→ Raw data:

※

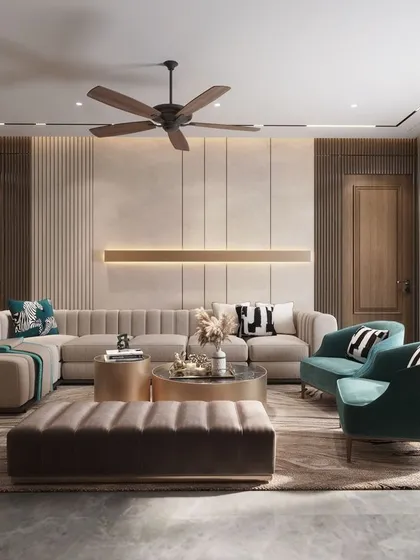 This luxury family room is designed for comfort and togetherness. A large L-shaped sofa provides ample seating, while accents of teal and patterned cushions add a touch of personality. The space is anchored by warm wood tones and soft, ambient lighting.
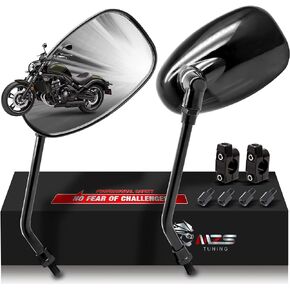 MZS Motorcycle Mirrors 10MM | Universal 360 Degree Adjustable Rear View Side Mirror Handlebar Mount ABS Black Compatible with Street Bike Touring Cruiser Adventure Scooter Coolster Moped GY6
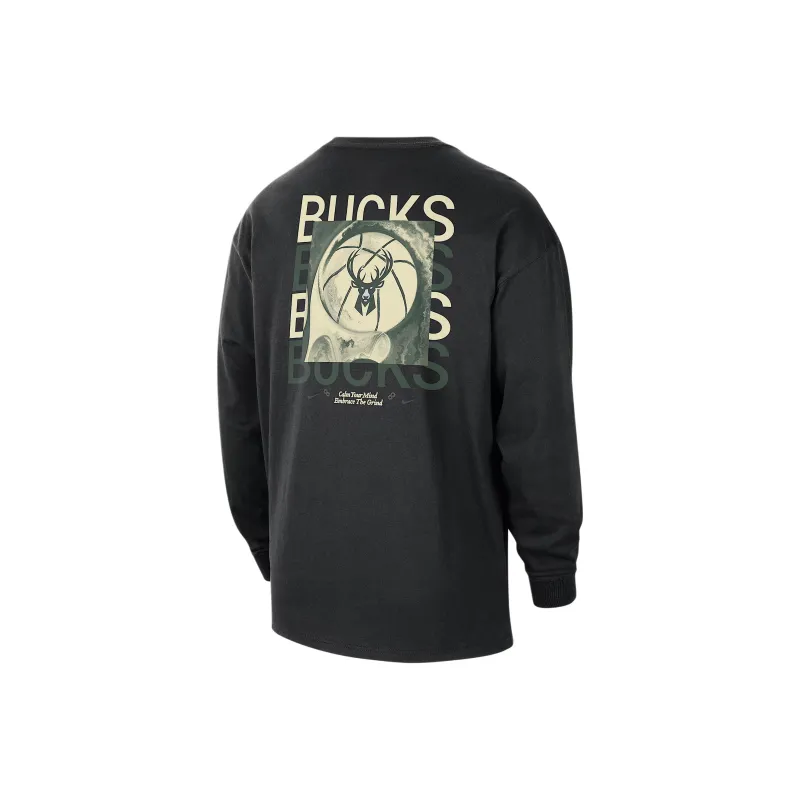 Nike Milwaukee Bucks Courtside Men's Nike Nba Max90 Long Sleeve T Shirt-1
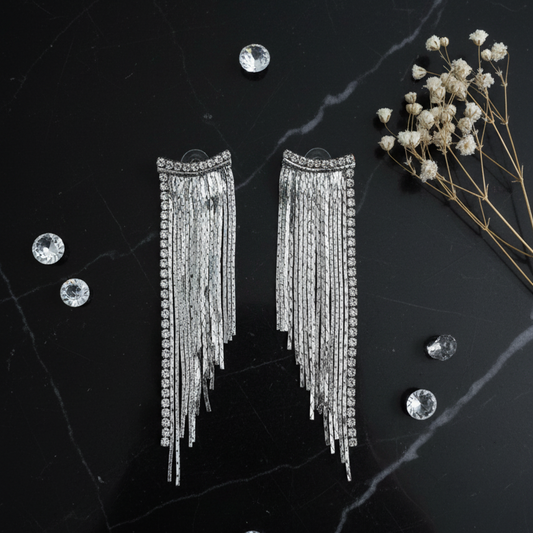 Silver Tassel Earrings – Black Marble Flatlay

※

→ What is expected: Your copy should hold exactly and only the lines from the one containing "Nike Milwaukee Bucks" through the end of the material, inclusive, repeated word for word and without pictures.

→ Written reply:
 Nike Milwaukee Bucks Courtside Men's Nike Nba Max90 Long Sleeve T Shirt-1
 Silver Tassel Earrings – Black Marble Flatlay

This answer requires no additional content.